Ross Jones was Chief Financial Officer of Rising Sky Energy Ltd, a private junior oil and gas company from August 1, 2006 through November 18, 2009. Prior thereto, Mr. Jones was Chief Financial Officer of Canadian Superior Energy Inc., a TSX listed junior oil & gas company, from November 2004 to June 30, 2006. From 2002 to 2004 Mr. Jones was President of Stevlaur Resources Ltd. an Oil and Gas financial consulting company, and from 1998 to 2001 Mr. Jones vas Vice President of Tikal Resources Corp. a junior oil and gas company listed on the TSX.

Harris L. Dvorkin – Calgary, Alberta – Director

Mr. Harris Dvorkin has over 47 years experience in the restaurant, hospitality and entertainment industries. Mr. Dvorkin has founded and currently manages a number of private companies. These include the Ranchman's Cookhouse and Dancehall Inc. (1972-Present), of which Mr. Dvorkin is a co-founder. Mr. Dvorkin is also the President and Chief Executive Officer of Ranchman's Hospitality Group Inc. (1989-Present), which serves as the operating entity for a number of companies including, Ranchman's Classic Catering Inc., a catering company servicing the province of Alberta, Ranchman's Overland Express Inc., a limousine and luxury transportation company, Ranchman's Rodeo Stock Company Inc., a rodeo event production company, Am-Can International Talent Inc., an entertainment booking agency, and Ranchman's Renegades Inc., a non-profit organization which is raising money for various charities. Mr. Dvorkin is also a member of a number of associations including the Calgary Chamber of Commerce, the Canadian Restaurant & Food Services Association, the Calgary Stampede Rodeo Committee Alumni, the Canadian Country Music Association, the Alberta Safer Bars Council and the Rotary Club of Calgary South.

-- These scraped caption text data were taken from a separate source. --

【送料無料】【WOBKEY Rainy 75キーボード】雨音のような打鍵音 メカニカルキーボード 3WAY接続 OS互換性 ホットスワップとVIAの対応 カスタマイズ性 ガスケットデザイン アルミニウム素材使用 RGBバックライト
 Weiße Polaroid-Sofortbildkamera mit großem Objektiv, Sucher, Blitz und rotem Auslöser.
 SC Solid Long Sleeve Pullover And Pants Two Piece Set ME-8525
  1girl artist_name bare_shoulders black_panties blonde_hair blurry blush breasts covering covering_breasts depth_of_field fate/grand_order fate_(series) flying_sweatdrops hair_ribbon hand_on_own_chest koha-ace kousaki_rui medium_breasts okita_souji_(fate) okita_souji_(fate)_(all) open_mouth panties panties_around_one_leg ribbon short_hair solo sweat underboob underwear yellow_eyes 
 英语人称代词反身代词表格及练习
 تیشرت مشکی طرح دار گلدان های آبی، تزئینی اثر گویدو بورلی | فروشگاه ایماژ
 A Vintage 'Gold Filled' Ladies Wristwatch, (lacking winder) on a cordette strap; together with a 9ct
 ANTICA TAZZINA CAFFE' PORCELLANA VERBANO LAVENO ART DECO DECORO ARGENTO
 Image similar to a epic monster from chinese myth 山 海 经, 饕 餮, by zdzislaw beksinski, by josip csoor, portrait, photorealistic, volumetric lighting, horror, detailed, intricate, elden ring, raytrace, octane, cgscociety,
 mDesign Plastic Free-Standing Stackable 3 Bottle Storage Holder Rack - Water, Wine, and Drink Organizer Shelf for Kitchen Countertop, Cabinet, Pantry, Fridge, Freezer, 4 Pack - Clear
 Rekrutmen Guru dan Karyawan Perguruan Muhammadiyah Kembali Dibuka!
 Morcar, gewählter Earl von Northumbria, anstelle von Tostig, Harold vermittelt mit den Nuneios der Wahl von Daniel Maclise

Michael E. Coolen – Halifax, Nova Scotia – Director

Mr. Michael Coolen has over 35 years in the oil and gas business, 20 of which with Mobil Oil Canada and its successors, and has been involved in numerous oil and gas projects and natural gas processing and gas gathering projects, both onshore and offshore. He has completed various operational and engineering assignments in a variety of senior technical and senior management positions. These have involved many aspects of onshore and offshore exploration and production.

Mr. Coolen worked at Canadian Superior Energy Inc. ("Canadian Superior", TSX: SNG; AMEX: SNG) from July 2001 to April 2009. During his tenure with Canadian Superior, he was responsible for Canadian Superior's operations Offshore Nova Scotia, Canada, operations Offshore Trinidad and Tobago and a variety of other corporate management responsibilities associated with various senior management positions within the Company, including those of Vice President – East Coast Operations (March 2004 –April 2006), President and Chief Operating Officer (April 2006 – April 2009). Mr. Coolen became Chief Executive Officer of Canadian Superior in December 2008, a position he held until April 2009. Mr. Coolen also served as a director of the Canadian Superior from November 2005 to September 2009. Directly prior to joining Canadian Superior, Mr. Coolen was Safety, Health and Environmental Manager, ExxonMobil Canada, seconded to the Sable Offshore Energy Project, offshore Nova Scotia, Canada, as Sable's Manager of Health, Safety and Environment.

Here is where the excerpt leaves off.